Personal information
- Full name: Jefferson Luis Teixeira Silva
- Date of birth: November 23, 1994 (age 30)
- Place of birth: Guaíba, Brazil
- Height: 1.82 m (6 ft 0 in)
- Position: Midfielder

Team information
- Current team: Coritiba
- Number: 41

Senior career*
- Years: Team / Apps / (Gls)
- 2003: São Paulo (RS)
- 2004: → Slavia Prague (loan) / 3 / (0)
- 2004: Central Español
- 2005: São José de Porto Alegre
- 2005: Central Español
- 2006: Aparecidense
- 2006: General Caballero
- 2007: São José de Porto Alegre
- 2007: → Criciúma (loan)
- 2008: São José de Porto Alegre
- 2008: Santa Cruz
- 2008: Ivoti
- 2009: Rio Preto
- 2009–2010: São José de Porto Alegre
- 2010–: Coritiba / 5 / (0)
- 2011: → Guarani (loan) / 13 / (1)
- 2012: → Ituano (loan)

= Jefferson Luis =

Brazilian footballer

Jefferson Luis Teixeira Silva (born 23 November 1983 in Guaíba) is a Brazilian football player.

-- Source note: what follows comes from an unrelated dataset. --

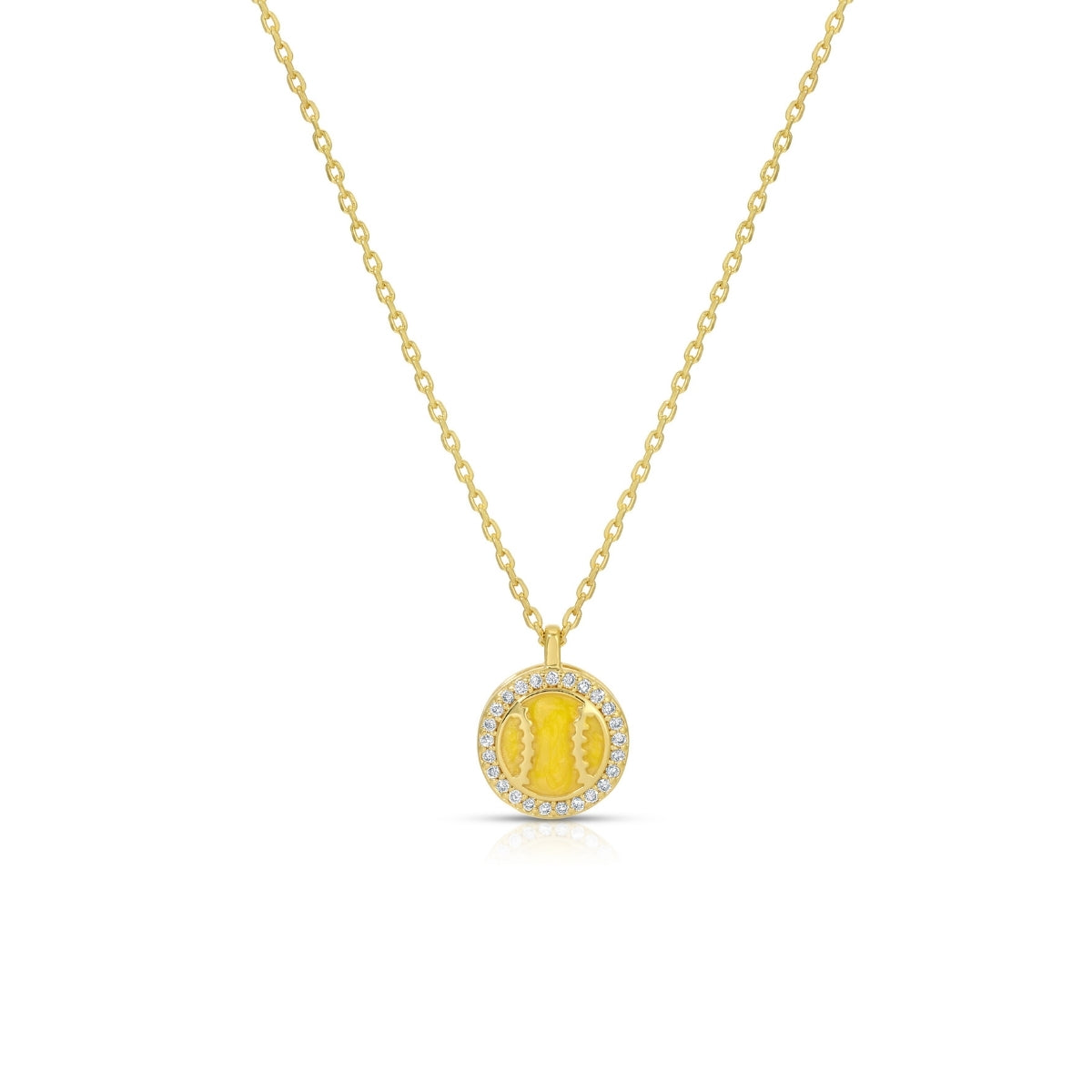 Delicate Shimmering Softball Pendant Necklace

He was playing for São José de Porto Alegre and signed with Coritiba in April 2010. In January 2011, he moved to Guarani Futebol Clube on loan.

==Football career==
Jefferson started his professional career at São Paulo (RS). On 30 January 2004, he transferred to Slavia Praha. He then left for Central Español, and returned to Brazil for São José de Porto Alegre
on 8 March 2005. He left for Central Español again, and returned to Brazil on 27 January 2006, for Aparecidense. He left for General Caballero in second half of 2006 season, and returned to Brazil for São José de Porto Alegre on 24 January 2007, signed a one-and-a-half-year deal. On 19 September 2007, he was loaned to Criciúma of Série B until end of year.

In the first semester of 2010, Jefferson played the Campeonato Gaúcho for São José, 4th placed in the competition, and he was the best scorer of the whole championship, with 13 goals. Because of this performance, he was contracted by Coritiba to play the Campeonato Brasileiro Série B.